> [What is required] Leave out the pictures and print the rest of the entries exactly as they stand.

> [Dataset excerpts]
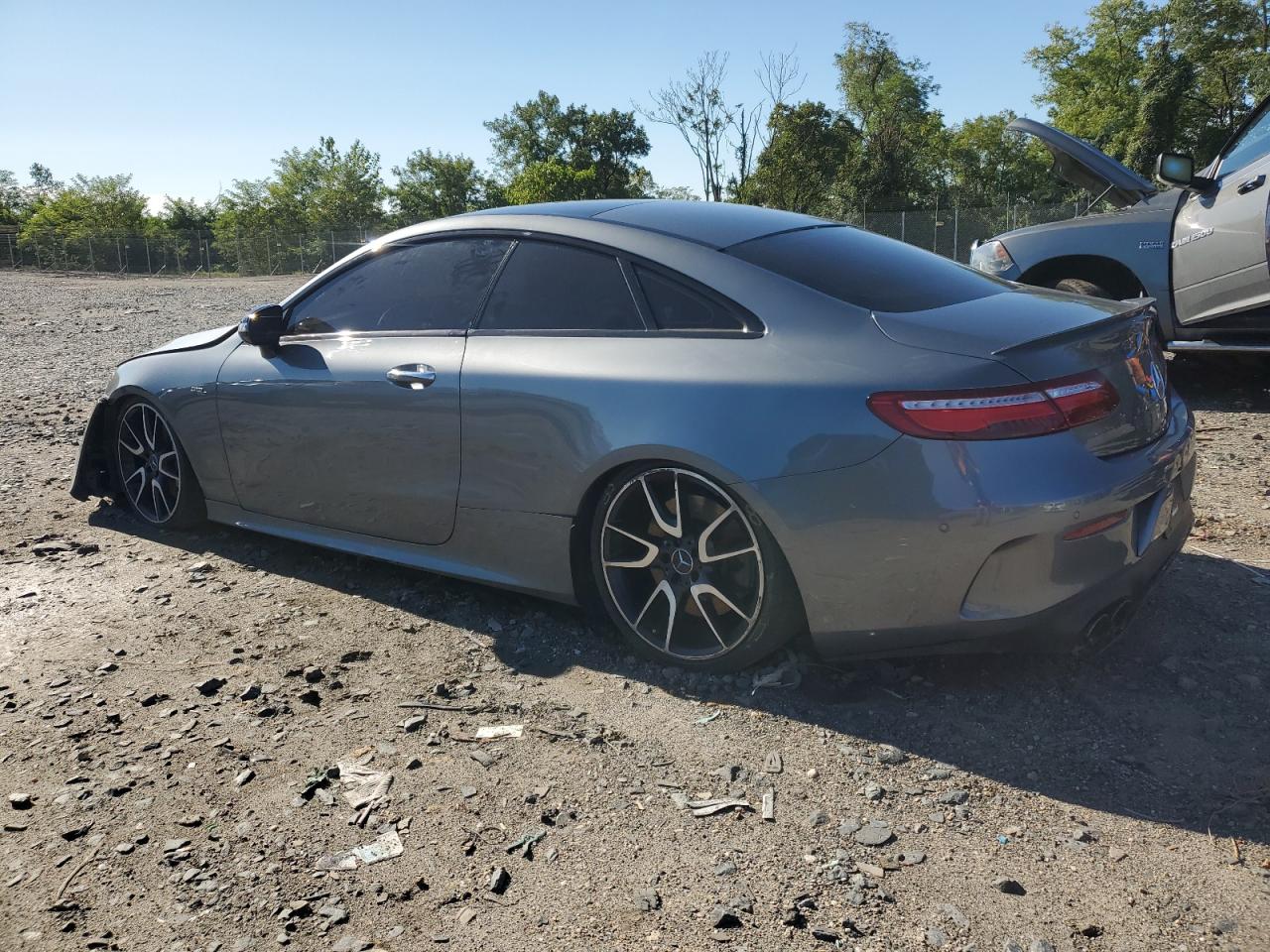 MERCEDES-BENZ E-CLASS AMG 53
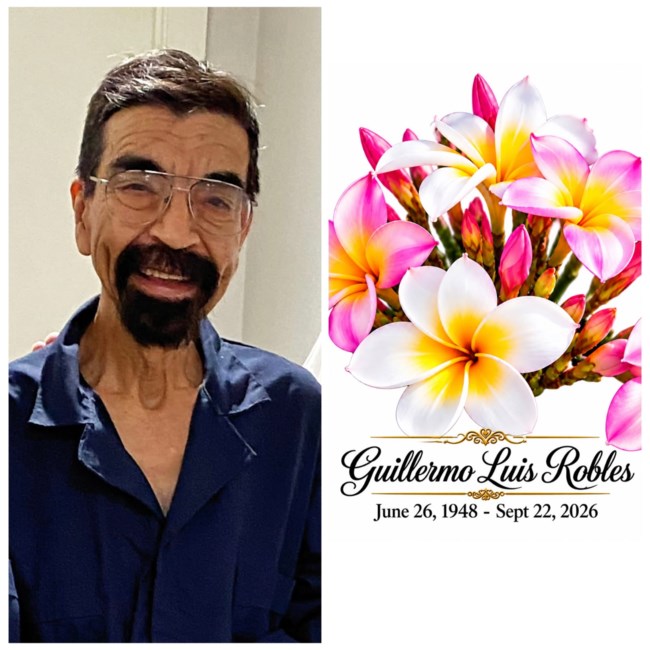 Obituary of Guillermo Luis Robles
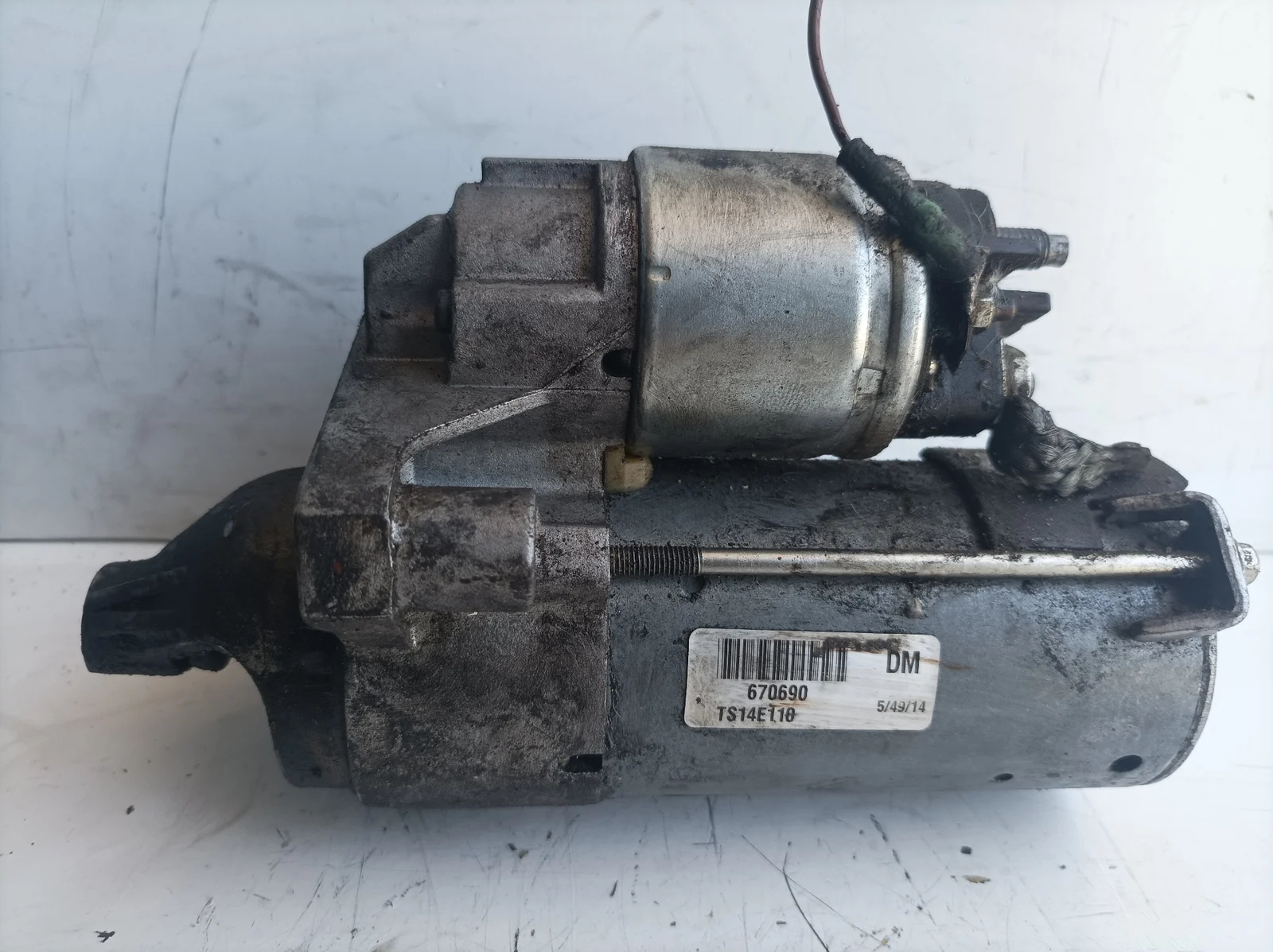 Foto de MOTOR ARRANQUE PEUGEOT PARTNER TEPEE referencia TS14E110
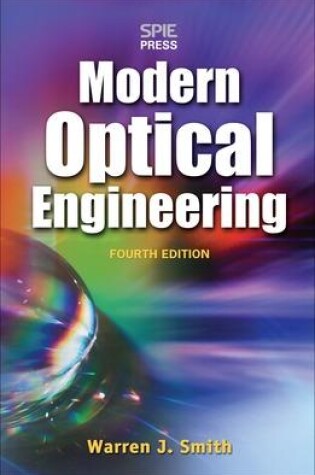 Cover of Modern Optical Engineering, 4th Ed.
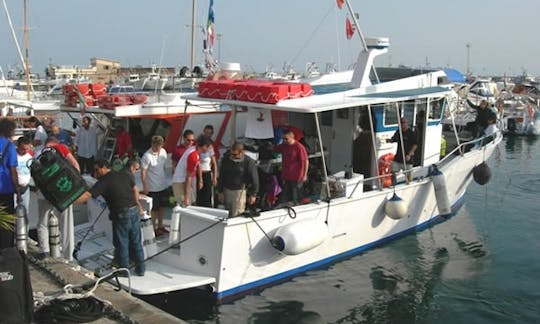 Funnest Diving Activity in Monte Argentario, Italy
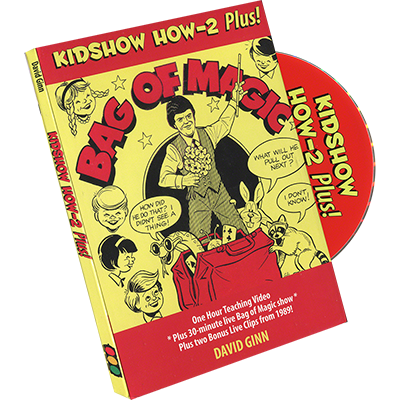 картинка Kids Show How-2 by David Ginn - DVD от магазина Одежда+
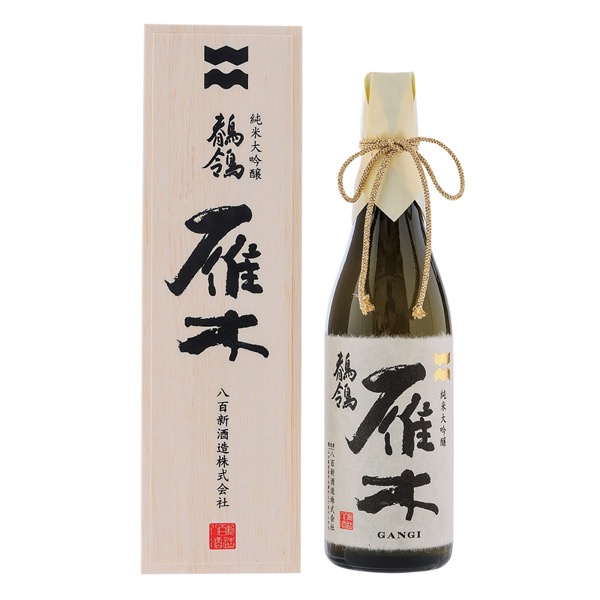 <12月以降お届け>八百新酒造 雁木 純米大吟醸 鶺鴒<常温便>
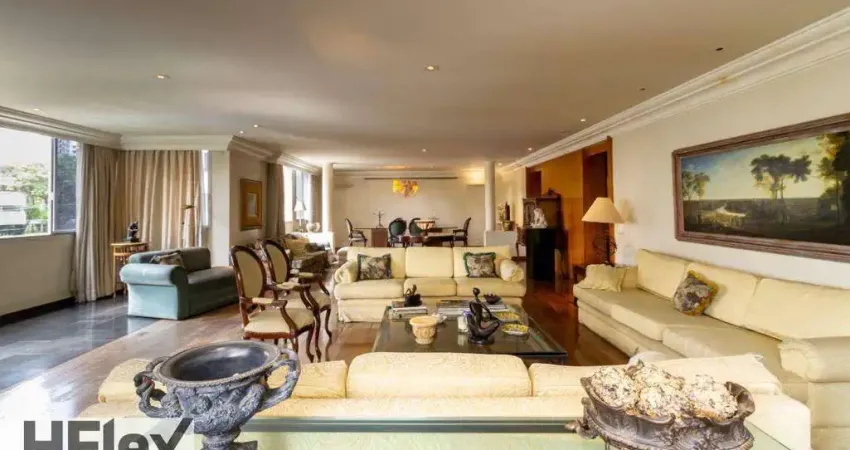 Apartamento com 3 dormitórios à venda, 333 m² por R$ 3.400.000,00 - Paraíso - São Paulo/SP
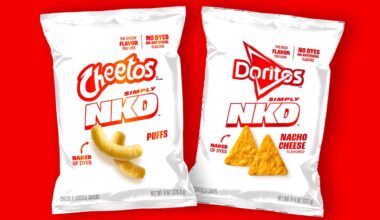 Frito-Lay Simply NKD packaging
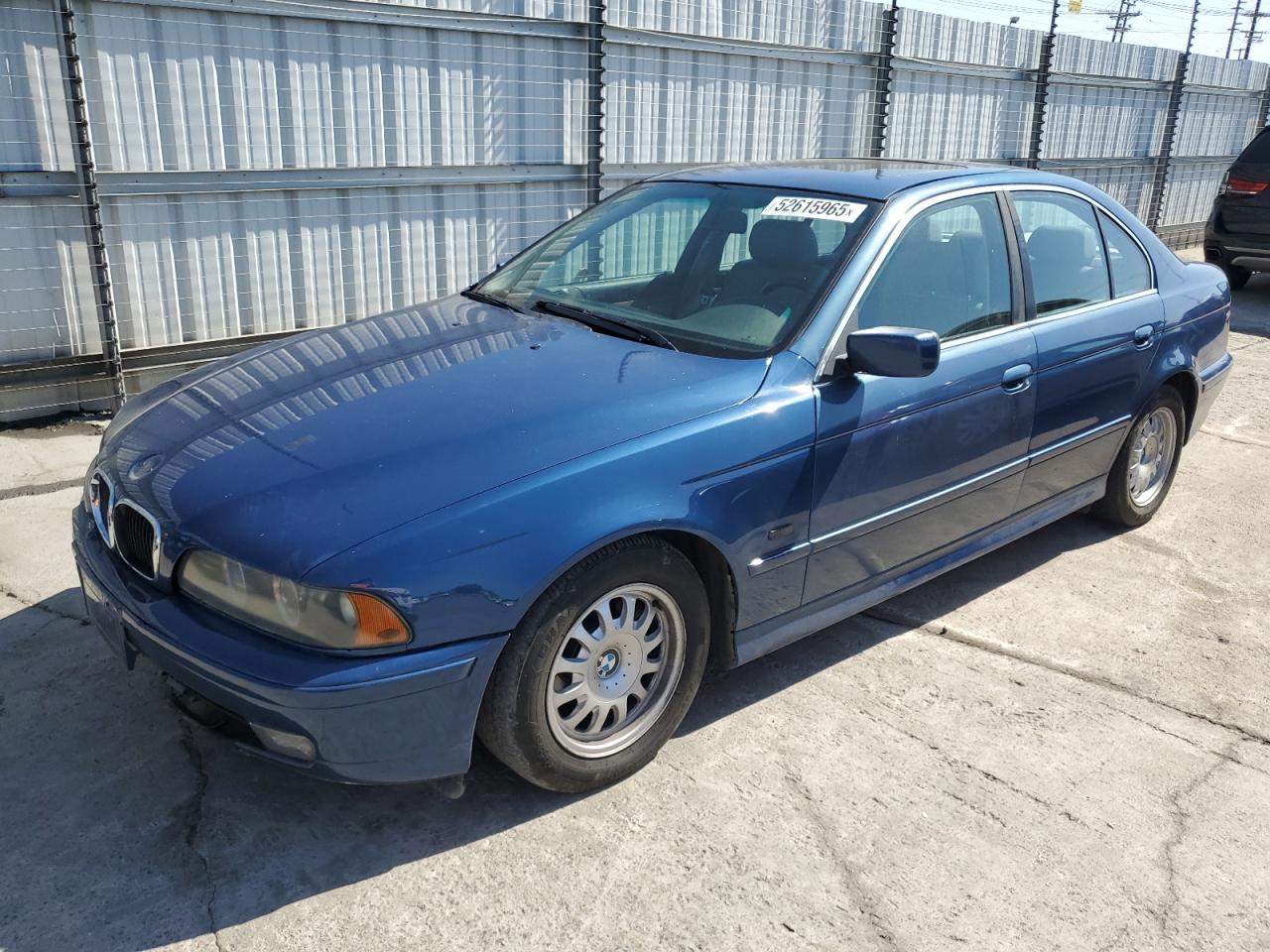 BMW 525 I AUTO 2001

> [Final answer]
 MERCEDES-BENZ E-CLASS AMG 53
 Obituary of Guillermo Luis Robles
 Foto de MOTOR ARRANQUE PEUGEOT PARTNER TEPEE referencia TS14E110
 Cover of Modern Optical Engineering, 4th Ed.
 Funnest Diving Activity in Monte Argentario, Italy
 картинка Kids Show How-2 by David Ginn - DVD от магазина Одежда+
 <12月以降お届け>八百新酒造 雁木 純米大吟醸 鶺鴒<常温便>
 Apartamento com 3 dormitórios à venda, 333 m² por R$ 3.400.000,00 - Paraíso - São Paulo/SP
 Frito-Lay Simply NKD packaging
 BMW 525 I AUTO 2001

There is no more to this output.